A verdade é que o governo está em busca de cerca de R$ 20 bilhões para completar o ajuste fiscal, e certamente veremos tentativas diversas de criação de impostos nos próximos meses.
Além de ter seu objetivo, o de atender à Saúde, desvirtuado, a CPMF acabou sendo identificada com a injustiça do sistema tributário brasileiro, pois estudos acadêmicos identificaram que, ao contrário do que defende o PT, a CPMF é tremendamente regressiva.
Na época em que a CPMF estava em debate, a professora Maria Helena Zockun, da Fipe, que coordenara uma proposta de reforma fiscal para a Fecomércio, aproveitou cálculos realizados pela revista da USP e converteu o peso da CPMF em proporção da renda de cada bloco de família.
O estudo muito detalhado dos economistas Nelson Paes e Mirta Noemi sobre parâmetros tributários apurou quanto da CPMF incide sobre o consumo das famílias brasileiras, divididas em dez classes de renda e por tipo de consumo.
Por ser um tributo indireto em sua maior parte, as empresas repassam a CPMF para o preço dos produtos comprados pelas famílias, e assim a alíquota de 0,38% acaba virando entre 1,31% e 1,33% sobre o que gastam com consumo, não havendo praticamente diferença entre ricos e pobres, que pagam o mesmo sobre o consumo.
Ao converter o peso da CPMF para cada renda familiar proporcionalmente, porém, a professora chegou a um quadro de desigualdade flagrante. Segundo o estudo, como quem ganha menos gasta parcela maior de sua renda com consumo do que os que ganham mais, e os de renda mais baixa gastam tudo que ganham e às vezes até mais, o resultado é que, em proporção de renda, os pobres pagam mais CPMF do que os ricos. Quanto maior a renda, menor a carga de CPMF, justamente ao contrário do discurso do Planalto.
Para as famílias que ganham até dois salários mínimos por mês, o peso da CPMF é de 2,19% da renda total mensal, ao mesmo tempo em que, para as famílias que ganham mais de 30 salários mínimos, esse indicador é de 0,96% da renda total mensal - o que, segundo o estudo, mostra nitidamente como esse tributo é regressivo.
Outro desencontro governamental formidável foi a tentativa do Itamaraty de proteger Lula de pedido da "Época" baseado na Lei de Acesso, para que os documentos referentes a atividades da empreiteira Odebrecht no exterior entre 2003 e 2010 fossem divulgados. Documentos arquivados sob a classificação de "reservados" estão liberados depois de 5 anos, segundo a legislação.

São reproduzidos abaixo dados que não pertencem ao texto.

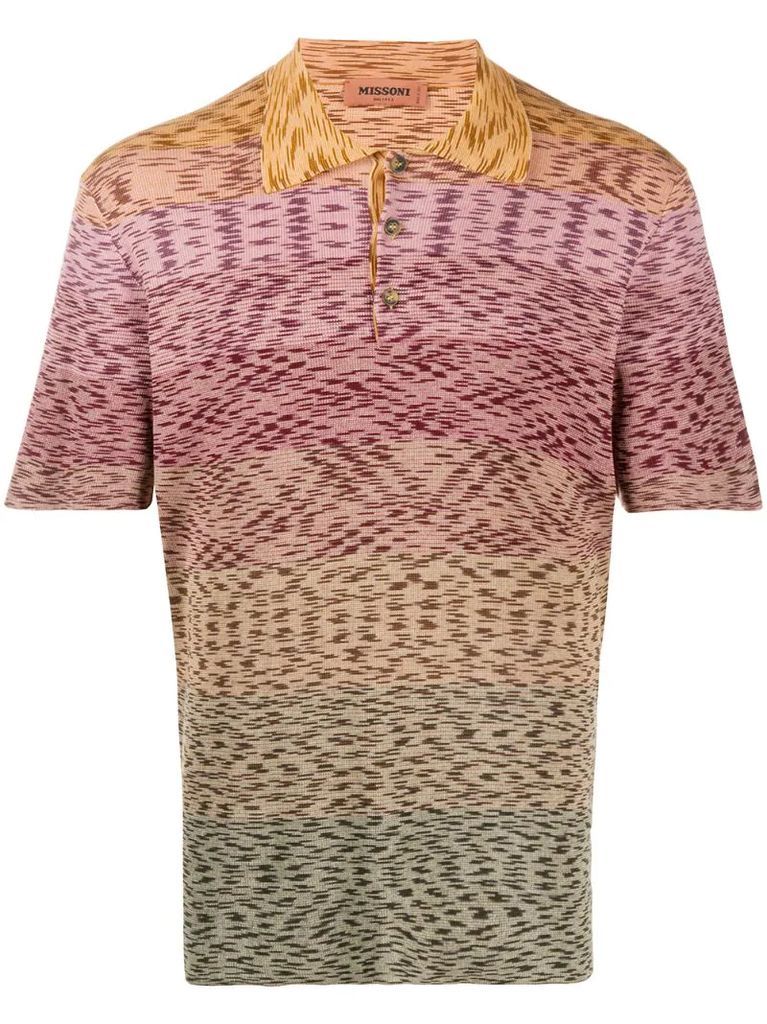 intarsia-knit short-sleeved polo shirt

Pois não é que o diretor do Departamento de Comunicações e Documentação (DCD) do Itamaraty, João Pedro Corrêa Costa, tomou a iniciativa de sugerir por escrito que os documentos fossem reavaliados? Como disse posteriormente o Itamaraty em nota oficial, não há nada de errado nisso, já que a Lei de Acesso à Informação prevê que os documentos sejam revistos de tempos em tempos. O que há de errado é a motivação do pedido.
Segundo o diplomata João Pedro Costa, "dado o fato de o referido jornalista já ter produzido matérias sobre a Odebrecht e um suposto envolvimento de Lula em seus negócios internacionais, muito agradeceria a Vossa Excelência reavaliar a anexa coleção de documentos e determinar se há, ou não, necessidade de sua reclassificação para o grau de secreto".
O importante é que o nome "Lula" não fora mencionado no pedido da "Época". O sagaz diplomata juntou dois mais dois e prontificou-se a proteger o ex-presidente. Incorreu no artigo 32 da mesma Lei de Acesso, que diz ser ilícito "impor sigilo à informação para obter proveito pessoal ou de terceiro, ou para fins de ocultação de ato ilegal cometido por si ou por outrem".